Profits will be invested into community projects that help tackle fuel poverty and fight climate change
By Sarah Shearman
LONDON, Jan 13 (Thomson Reuters Foundation) - London's mayor launched a green energy company that will provide "fair-priced" electricity from renewable sources on Monday, seeking to reduce carbon emissions and make fuel more affordable.
One in 10 Londoners cannot afford to pay their energy bills, according to figures from the mayor's office, which said the new, company London Power, would offer a competitive tariff.
Profits will be invested into community projects that help tackle fuel poverty, fight climate change and meet the British capital's goal of becoming carbon neutral by 2050.
"It is a disgrace that many Londoners pay too much to heat and light their homes," said London's Mayor Sadiq Khan in a statement.

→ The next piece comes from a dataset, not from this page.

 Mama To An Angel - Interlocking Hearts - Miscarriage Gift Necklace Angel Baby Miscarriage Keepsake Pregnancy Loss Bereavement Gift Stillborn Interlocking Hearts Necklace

London Power is run in partnership with British firm Octopus Energy and will generate electricity from renewable sources including solar and wind, the statement said.

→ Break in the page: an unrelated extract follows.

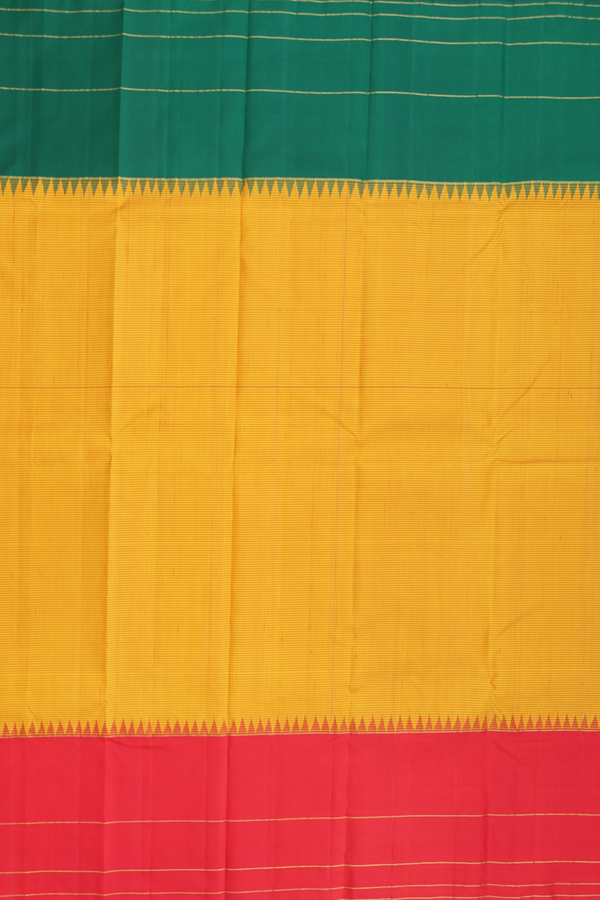Kanchipuram Silk Saree In Saffron Yellow With Checks Design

It follows similar moves by Barcelona in Spain, Basel in Switzerland and Burlington in the United States.
One in seven Americans is served by a not-for-profit, community owned or locally controlled power utility, according to the American Public Power Association.
Britain was the first G7 country to commit to reaching net-zero emissions by 2050 and in 2019 produced more electricity from zero-carbon sources such as wind, solar and nuclear than from fossil fuel plants for the first time.

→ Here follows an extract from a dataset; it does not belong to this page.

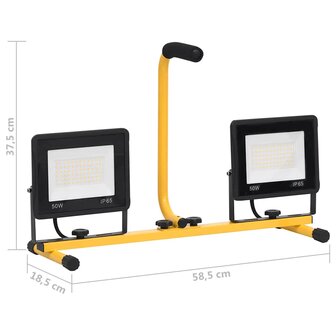 Spotlight met handvat LED 2x50 W warmwit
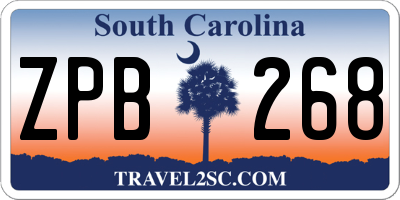 SC license plate ZPB268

London is not the first British city to launch its own energy provider.
In 2015 the English city of Nottingham created a not for profit green energy company to tackle local fuel poverty - calling it Robin Hood Energy, after the legendary local hero famed for robbing the rich to pay the poor.
(Reporting by Sarah Shearman @Shearmans. Editing by Claire Cozens. Please credit the Thomson Reuters Foundation, the charitable arm of Thomson Reuters, that covers humanitarian news, women's and LGBT+ rights, human trafficking and slavery, property rights, social innovation, resilience and climate change. Visit http://news.trust.org to see more stories)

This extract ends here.